Il nuovo business della droga: piantagioni di marijuana tra boschi e colture
Ogni anno sono decine e decine i sequestri di coltivazioni intensive di erba. La criminalità spesso dietro queste attività. La prova che occorre una nuova politica sulle droghe leggere
Basta fare una piccola ricerca in rete tra le notizie per verificare che quello delle piantagioni intensive di marijuana tra boschi e colture é un fenomeno in espansione e di difficile controllo da parte dello Stato.
I sequestri continui su tutto il territorio nazionale che si moltiplicano nella bella stagione – anche se non mancano colture in serra scoperte anche l’inverno – che vanno da poche decine di piante a decine e decine di ettari di coltivazioni di cannabis indica, la specie di canapa da cui é possibile ricavare l'”erba” ed i suoi derivati, evidenziano un quadro preoccupante che fa pensare alla difficoltà dell’effettivo controllo da parte dello Stato, da un lato perché troppo spesso dietro a quelle che sembrano innocue “piantine” (che per la verità arrivano anche a 4 metri d’altezza per svariate decine di chili di prodotto finale) vi é la criminalità organizzata e dall’altra perché la gran parte delle coltivazioni in questione risultano essere nascoste tra i boschi o altre colture così da mimetizzarsi nell’ambiente circostante.

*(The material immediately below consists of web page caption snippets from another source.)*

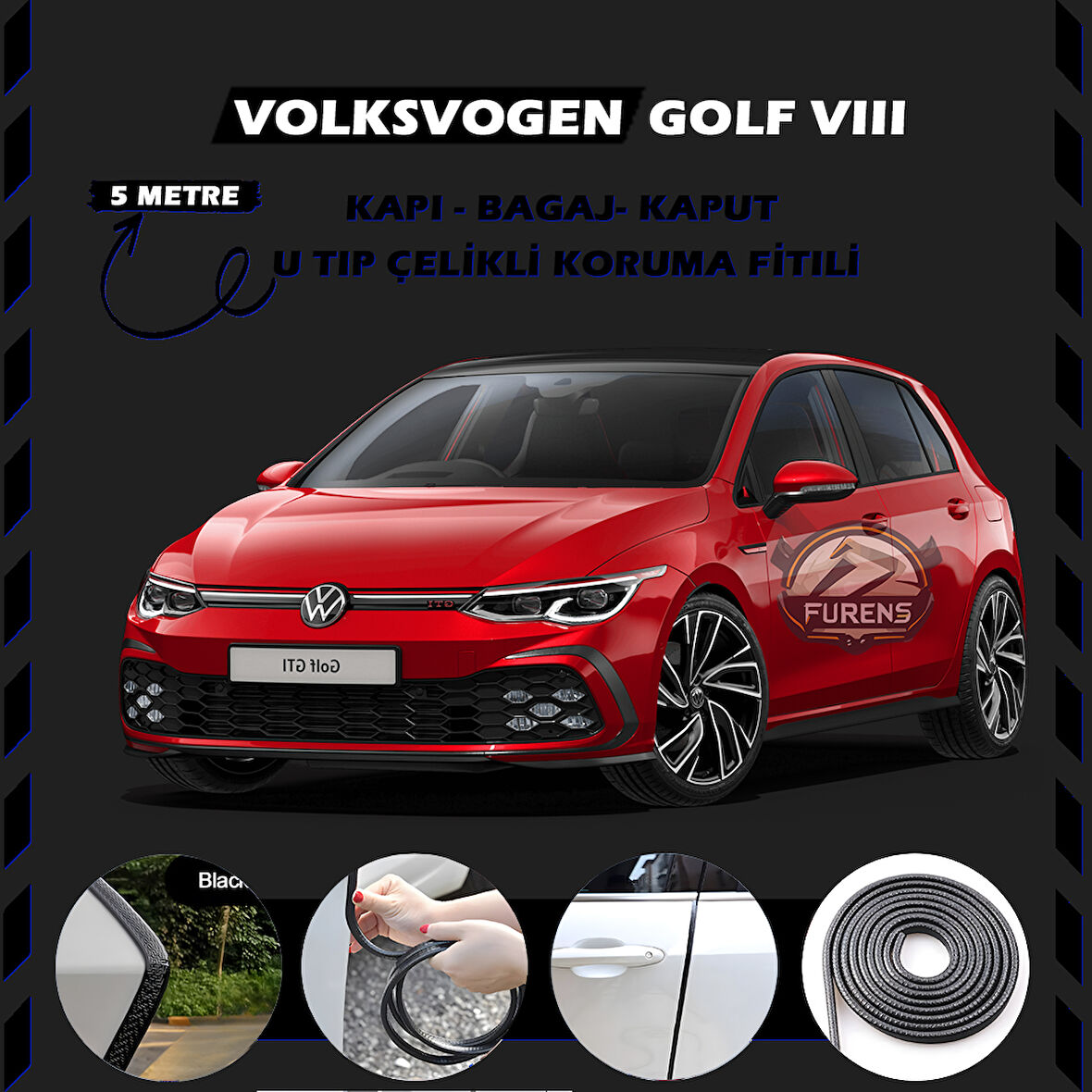 Volksvogen Golf 8 Oto Araç Kapı Koruma Fitili 5metre Parlak Siyah Renk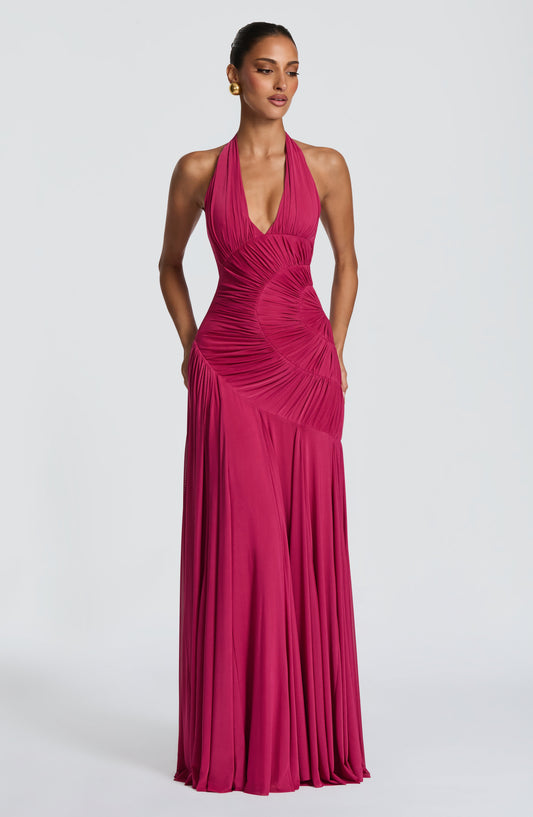 Koriora | Robe Maxi Halter Lise — Drapé Asymétrique & Mesh Premium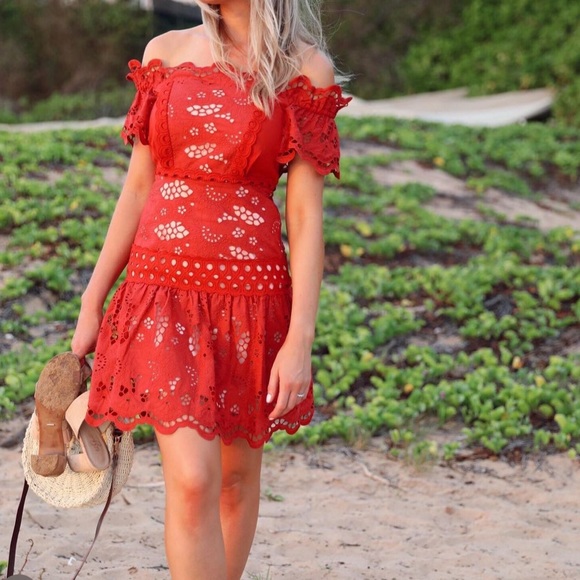 Red Eyelet Short Set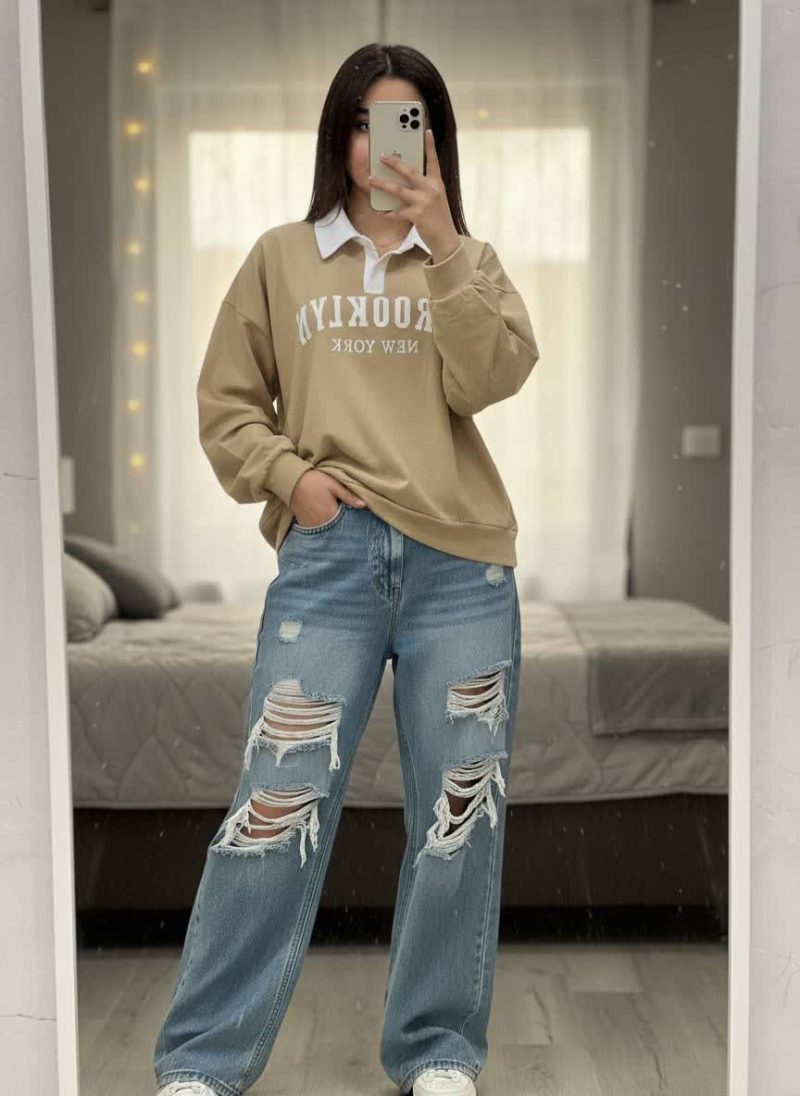 بلوز یقه سفید بروکلین(پک 6 عددی)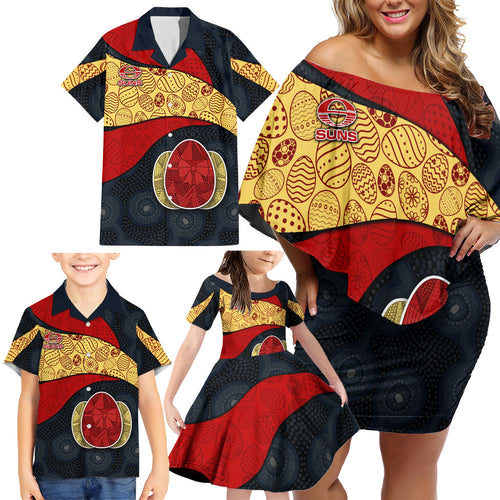 Personalized Suns Football Family Matching Off Shoulder Short Dress and Hawaiian Shirt Easter Egg Pattern Red Yellow Tribal Dot Art Style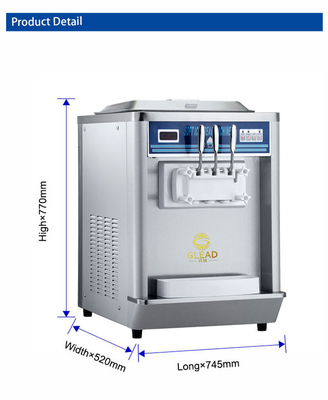 220-240V 2N~50HZ 프로 아이스크림 제조기 12-18kg/h 출력 2x1.8L 냉동 탱크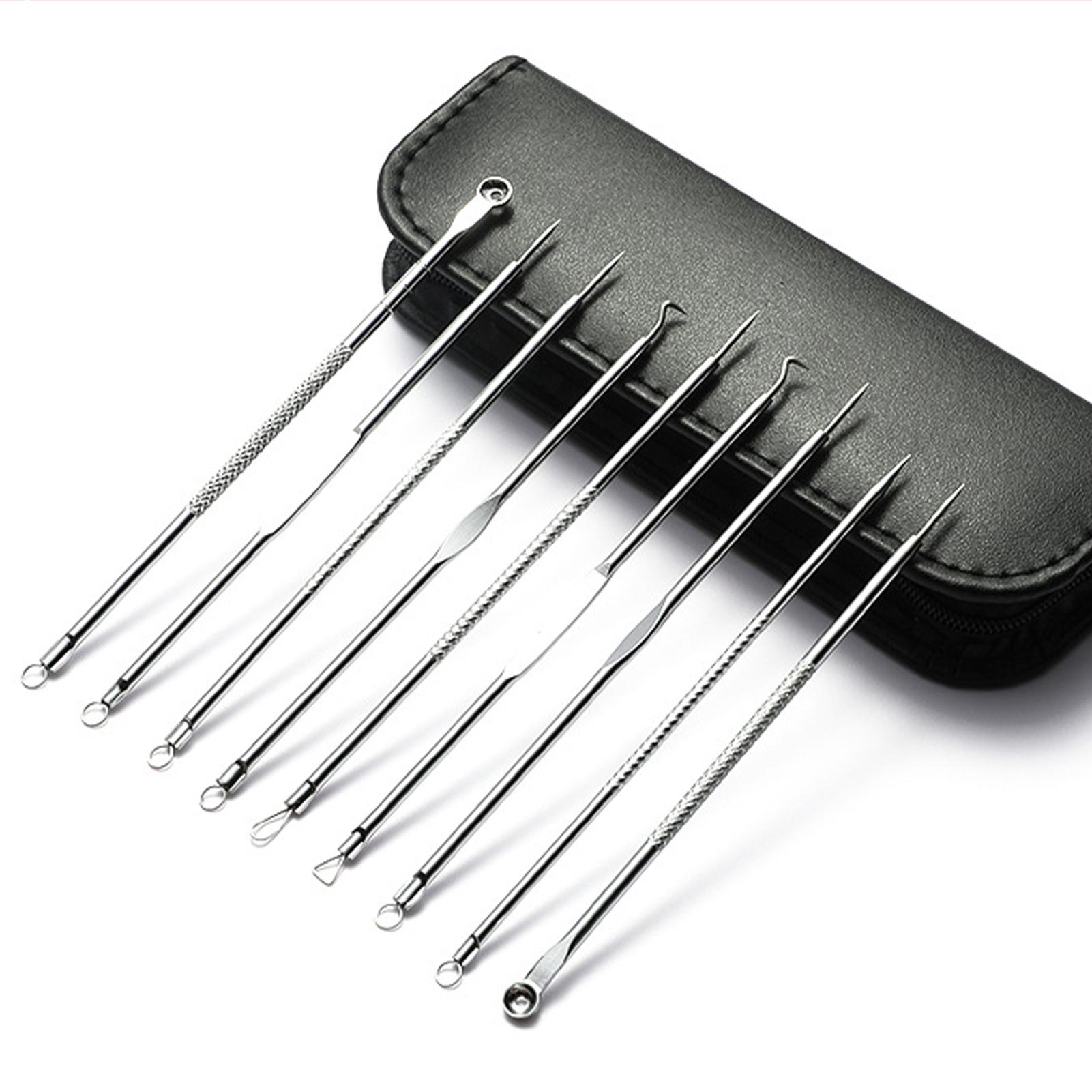 

Набор из 18 игл для удаления черных точек и прыщей, двусторонний, из нержавеющей стали, набор инструментов для удаления прыщей для салона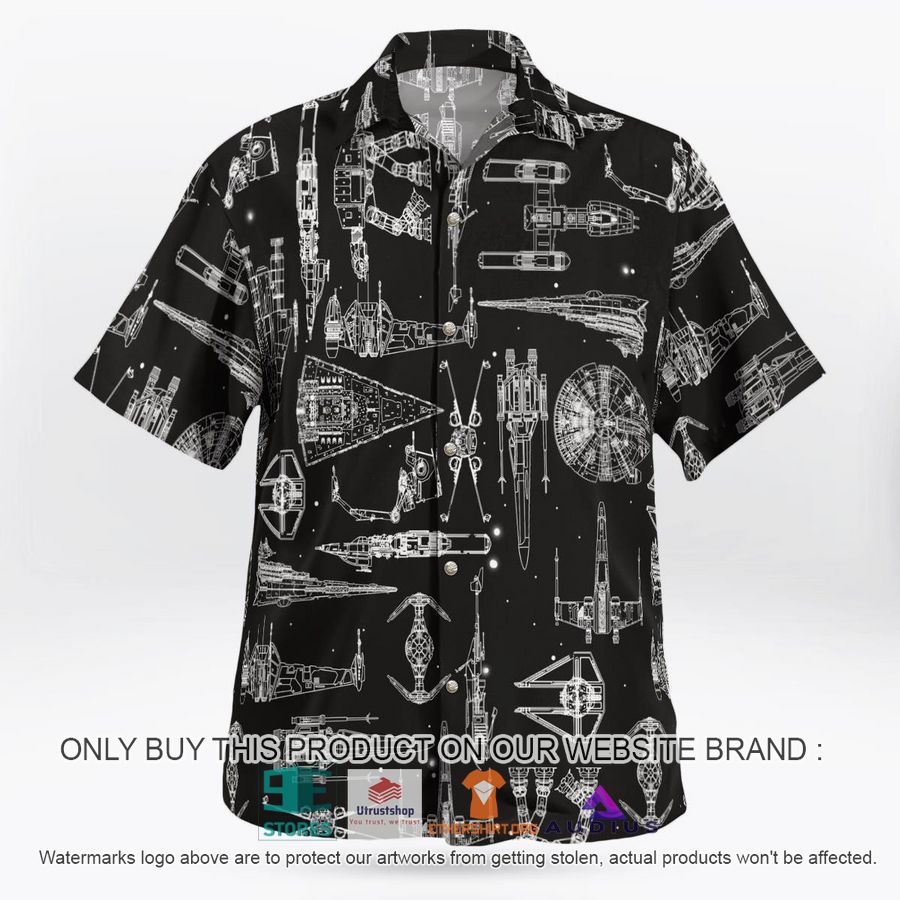 star wars ship pattern black hawaii shirt shorts 1 29641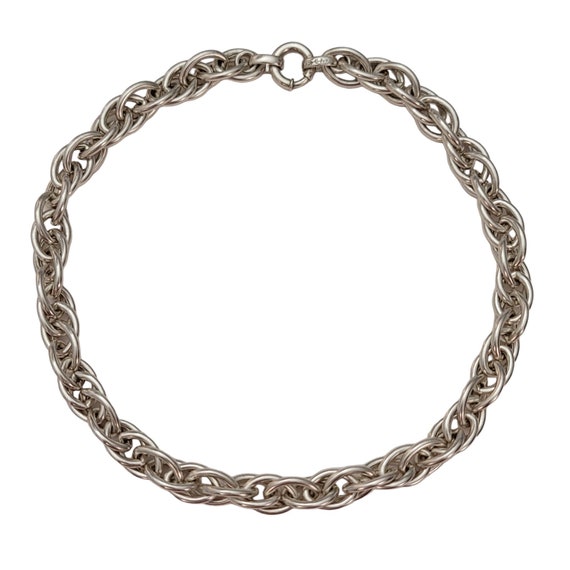 Carl Art Sterling Silver Chunky Cable Chain Choker Necklace, 84 Grams CA Arrow Marked E595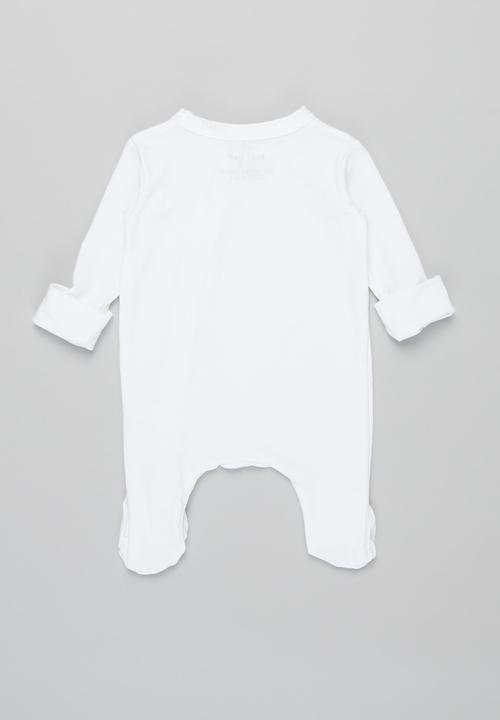 Baby Star - Zip closure babygrow - true white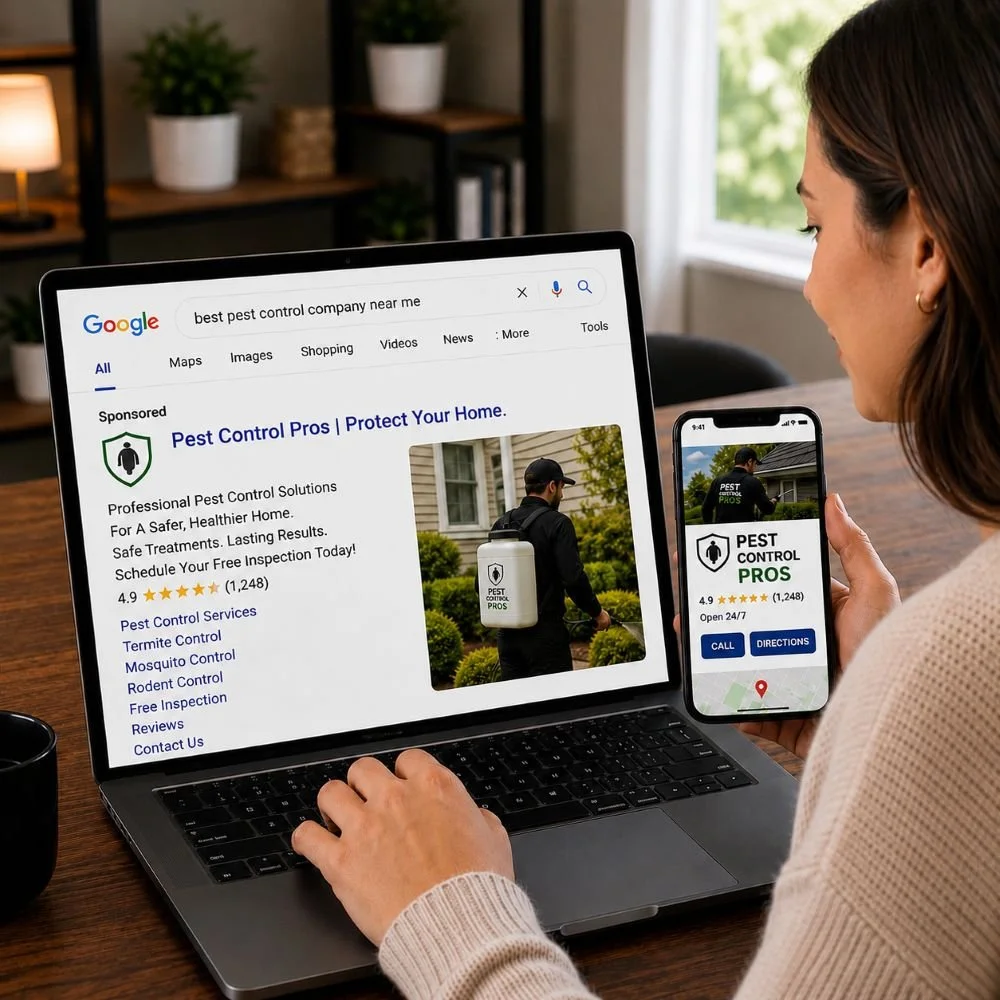 Image of a customer shopping for a pest control service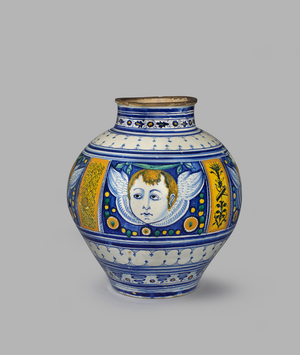 Large globular jar decorated with four heads of cherubs, c.1490-c.1500 (tin-glazed earthenware)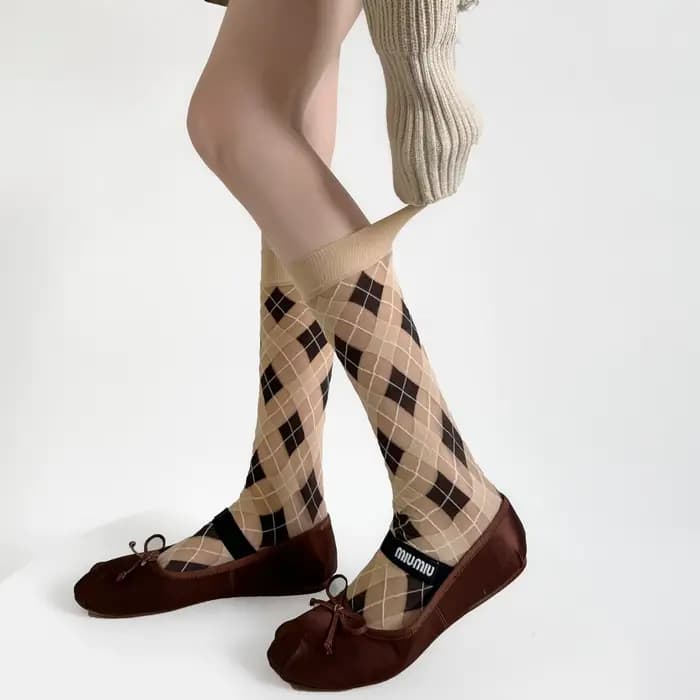 Chaussettes sulfà Carreaux pour Femme, Bas en Velours, Mince, Respirant, JK, Mode Japonaise, Vintage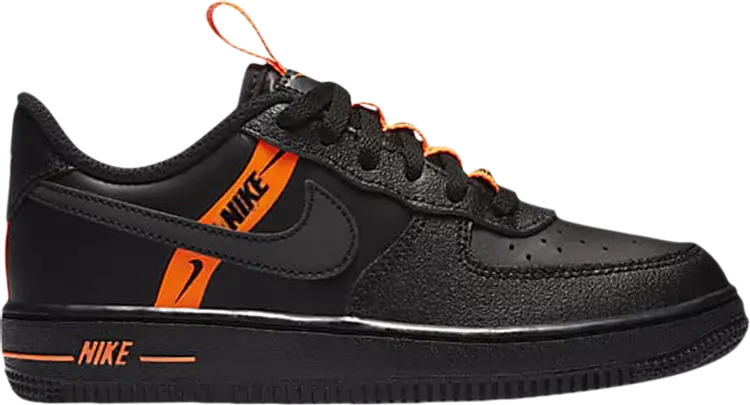 

Кроссовки Nike Force 1 LV8 KSA PS 'Black Total Orange', черный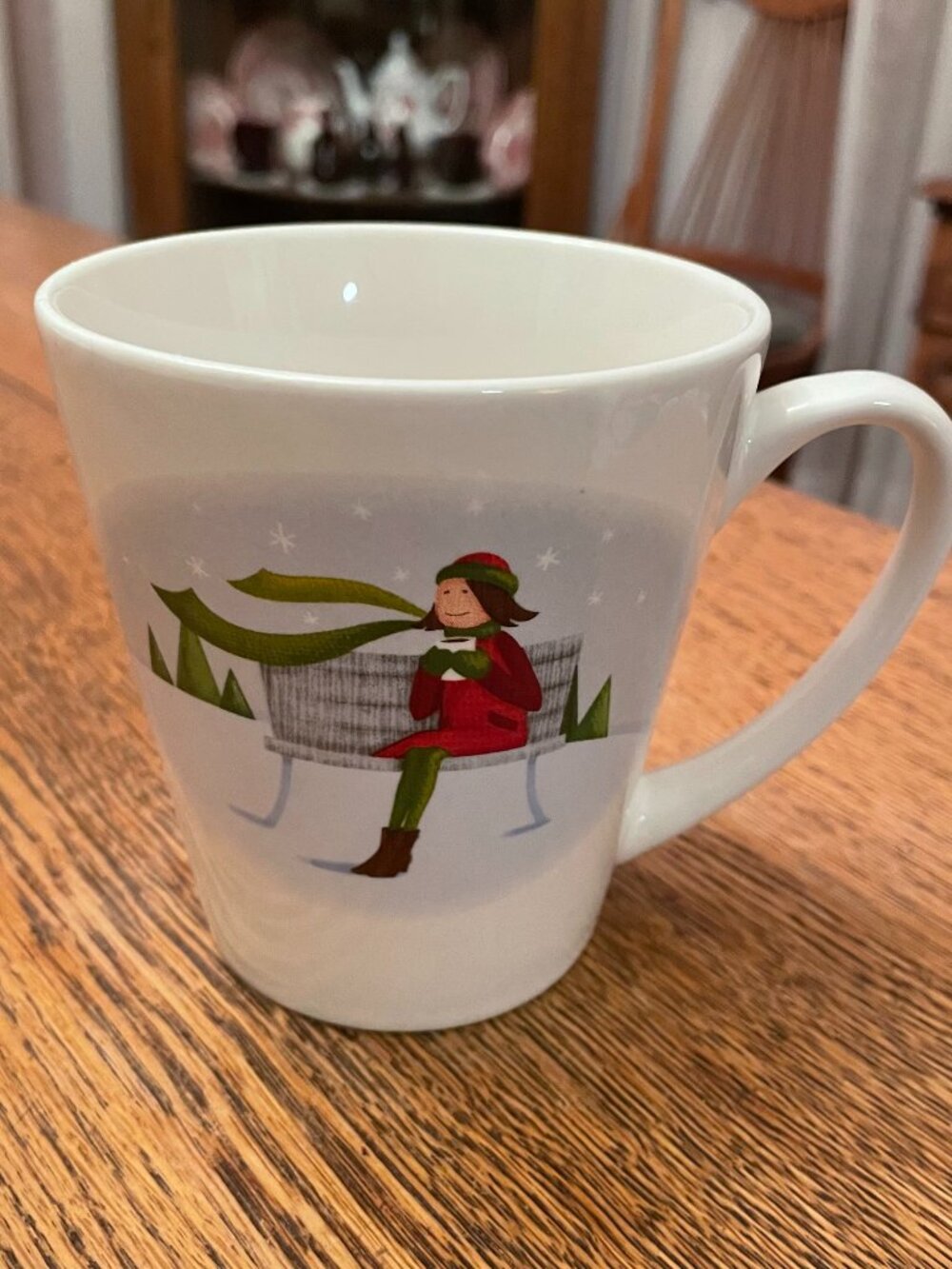 Girl on a Park Bench Enjoying a Hot Drink Coffee Cup Mug 13 ounces by Designpac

Le notizie di cronaca, quindi, fanno riflettere e non poco che molto del prodotto finito che arriva tra i nostri giovani sia ormai di produzione, per cosi dire, “locale” e non frutto di traffici internazionali che sino all’inizio degli anni 2000 riguardavano le principali direttrici dei paesi dell’Est, su tutti l’Albania per l’erba, ed il Marocco e l’Afganistan per l’hashish.
Un fenomeno, quindi, che per Giovanni D’Agata, presidente dello “Sportello dei Diritti”, dovrebbe spingere ulteriormente il governo a modificare le politiche sulle droghe leggere affinché colpiscano decisivamente il monopolio della criminalità attraverso una graduale legalizzazione e controllo del consumo.